# Material shown
####

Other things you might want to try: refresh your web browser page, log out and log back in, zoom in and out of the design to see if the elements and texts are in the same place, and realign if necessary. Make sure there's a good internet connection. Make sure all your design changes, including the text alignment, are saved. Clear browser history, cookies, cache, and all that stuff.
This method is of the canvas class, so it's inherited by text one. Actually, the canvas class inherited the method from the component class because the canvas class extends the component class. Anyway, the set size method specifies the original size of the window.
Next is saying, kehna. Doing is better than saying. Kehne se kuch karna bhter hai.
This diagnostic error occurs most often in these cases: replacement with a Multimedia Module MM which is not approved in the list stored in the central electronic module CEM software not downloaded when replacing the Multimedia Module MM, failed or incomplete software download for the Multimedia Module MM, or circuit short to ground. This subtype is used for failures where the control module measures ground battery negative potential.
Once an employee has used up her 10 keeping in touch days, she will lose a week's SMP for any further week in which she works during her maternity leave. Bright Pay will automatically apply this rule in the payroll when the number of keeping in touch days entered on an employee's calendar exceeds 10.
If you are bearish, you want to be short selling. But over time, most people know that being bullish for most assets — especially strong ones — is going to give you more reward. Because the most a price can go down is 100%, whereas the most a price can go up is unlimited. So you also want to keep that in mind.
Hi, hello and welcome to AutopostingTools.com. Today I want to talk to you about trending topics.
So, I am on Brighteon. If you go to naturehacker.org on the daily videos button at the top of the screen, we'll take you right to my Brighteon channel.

####

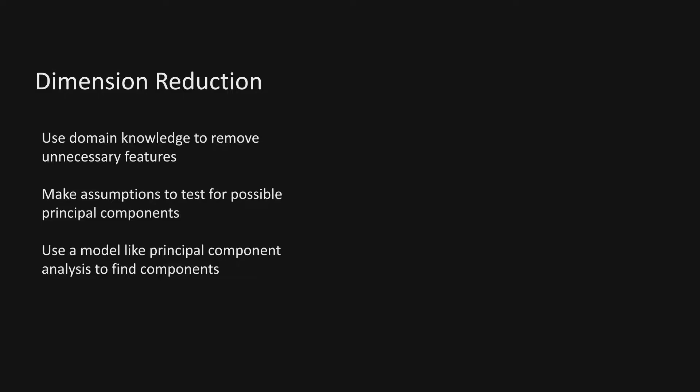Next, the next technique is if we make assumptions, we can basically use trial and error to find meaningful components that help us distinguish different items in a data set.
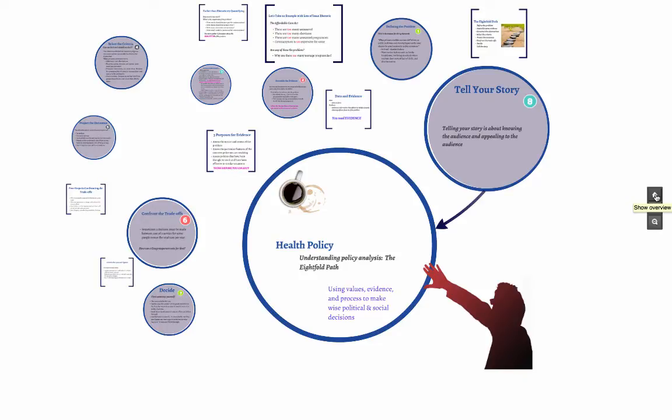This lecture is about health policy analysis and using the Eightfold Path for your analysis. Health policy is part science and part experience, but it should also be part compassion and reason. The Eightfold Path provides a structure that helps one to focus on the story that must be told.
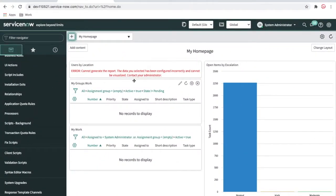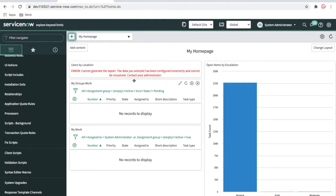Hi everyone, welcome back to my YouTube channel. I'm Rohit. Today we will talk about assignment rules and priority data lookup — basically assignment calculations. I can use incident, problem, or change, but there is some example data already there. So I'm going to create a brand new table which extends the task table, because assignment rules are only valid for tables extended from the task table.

####

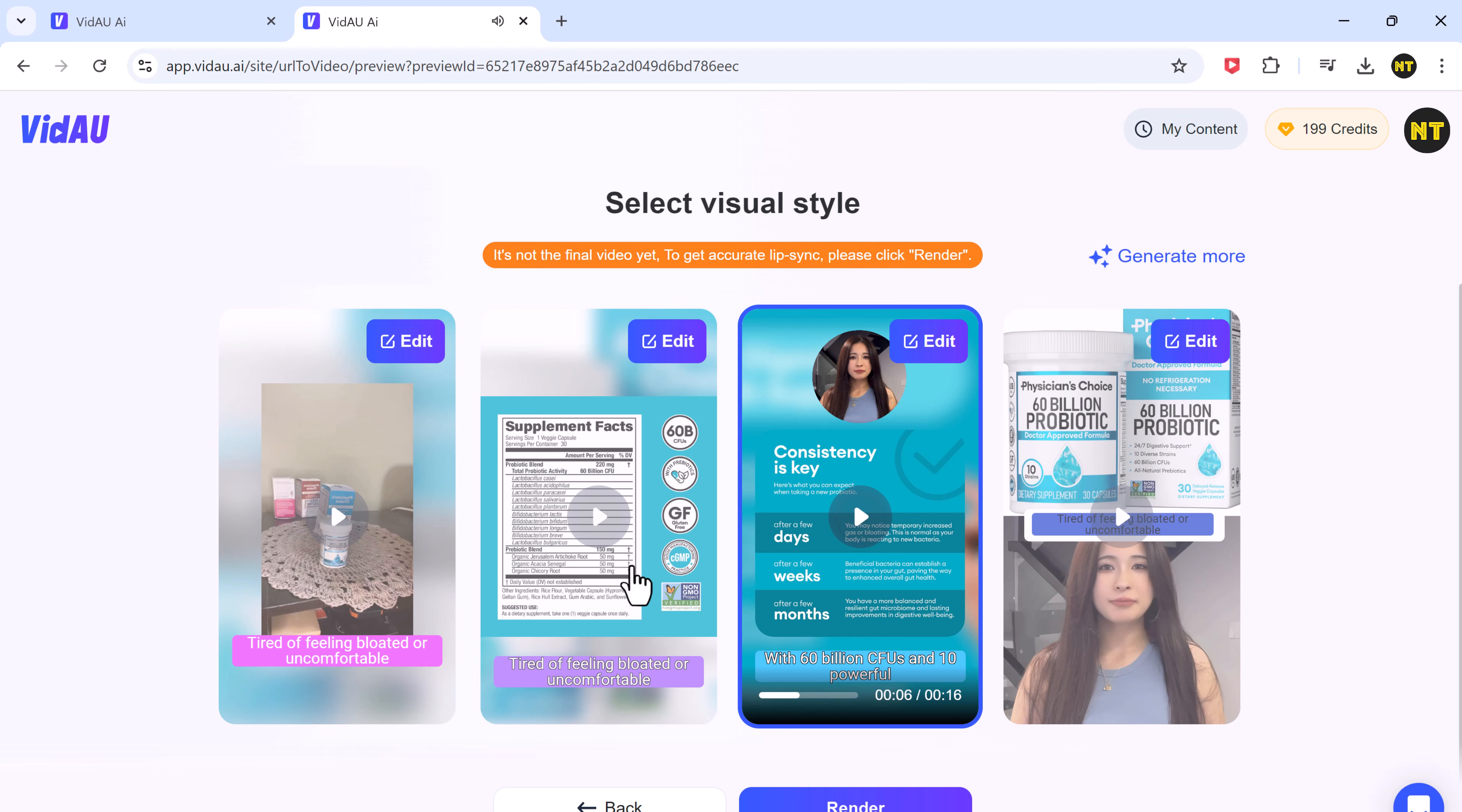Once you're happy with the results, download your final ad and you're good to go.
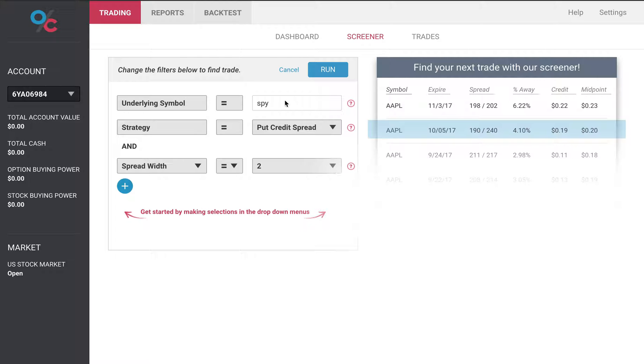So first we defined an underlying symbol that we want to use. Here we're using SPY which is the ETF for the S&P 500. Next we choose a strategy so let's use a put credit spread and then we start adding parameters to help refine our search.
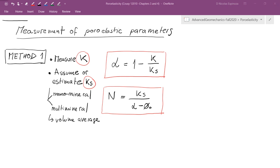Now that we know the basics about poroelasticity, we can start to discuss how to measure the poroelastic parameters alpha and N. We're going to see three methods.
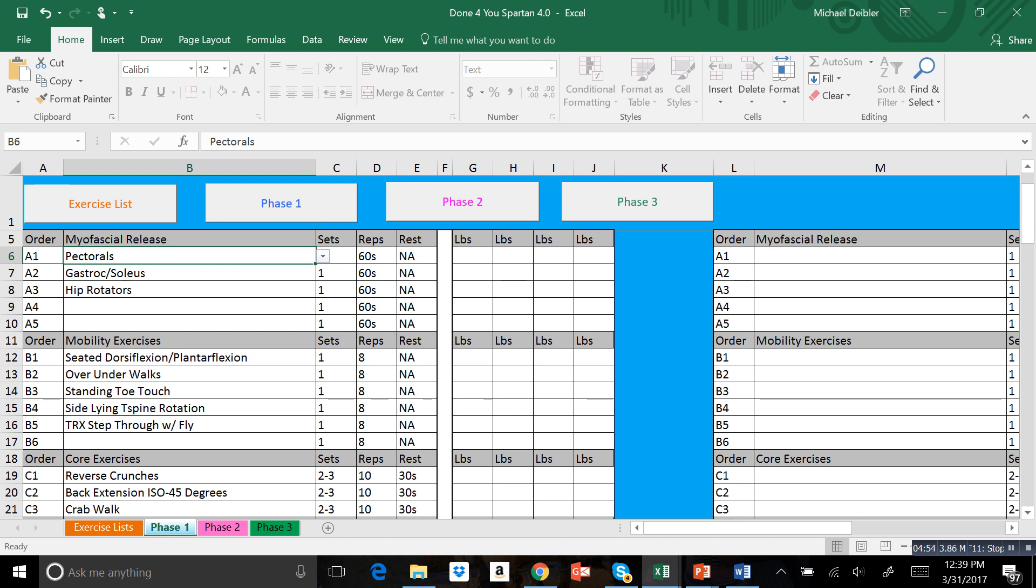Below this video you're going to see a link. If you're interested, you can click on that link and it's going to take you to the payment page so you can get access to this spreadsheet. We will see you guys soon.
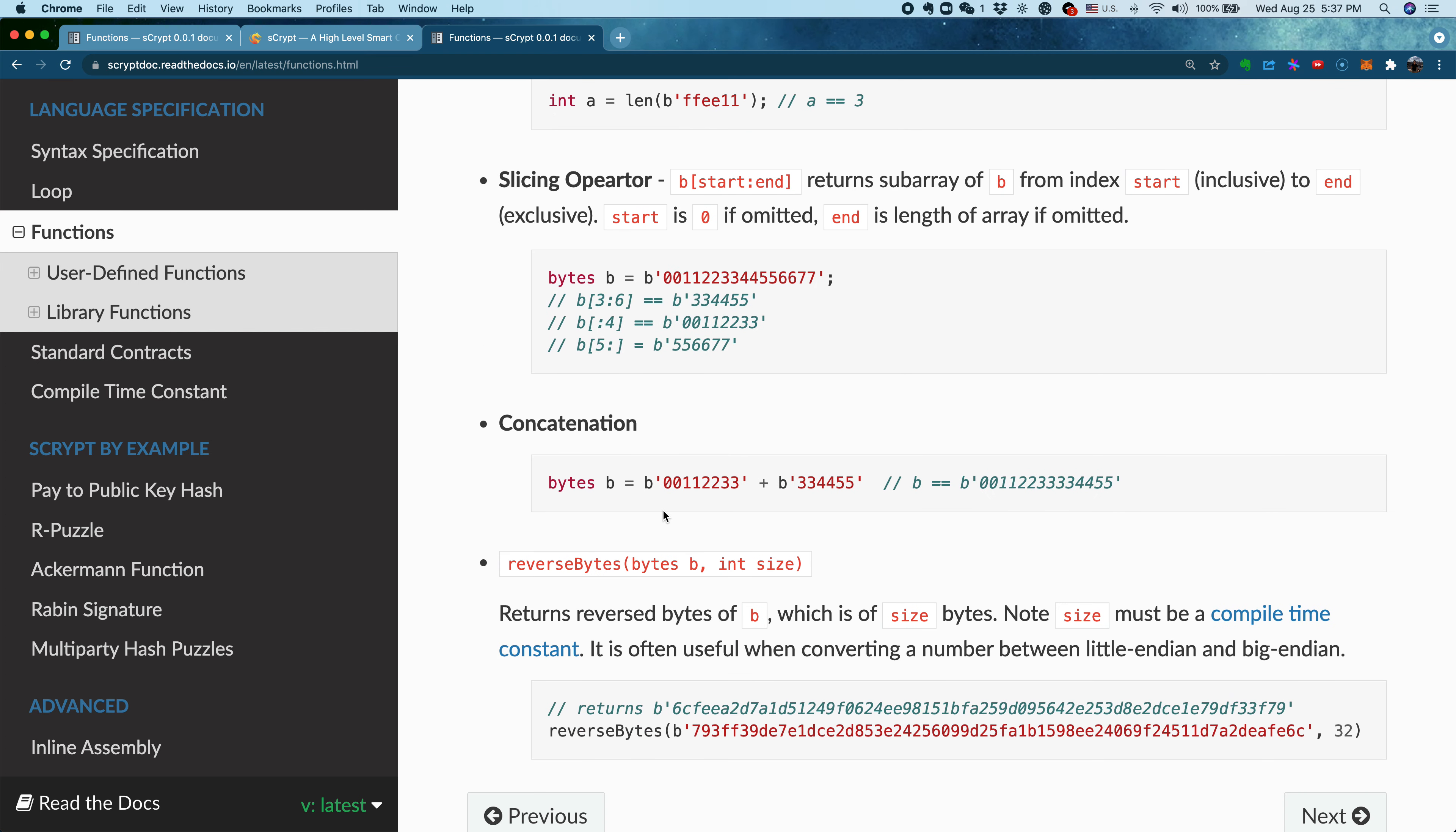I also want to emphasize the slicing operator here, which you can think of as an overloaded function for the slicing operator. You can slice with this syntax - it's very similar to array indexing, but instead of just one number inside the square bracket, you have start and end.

####

In the listing above, find the line with "If you are bearish, you" and the line with "So, I am on", then print exactly those two lines and every line between them, and nothing more.

If you are bearish, you want to be short selling. But over time, most people know that being bullish for most assets — especially strong ones — is going to give you more reward. Because the most a price can go down is 100%, whereas the most a price can go up is unlimited. So you also want to keep that in mind.
Hi, hello and welcome to AutopostingTools.com. Today I want to talk to you about trending topics.
So, I am on Brighteon. If you go to naturehacker.org on the daily videos button at the top of the screen, we'll take you right to my Brighteon channel.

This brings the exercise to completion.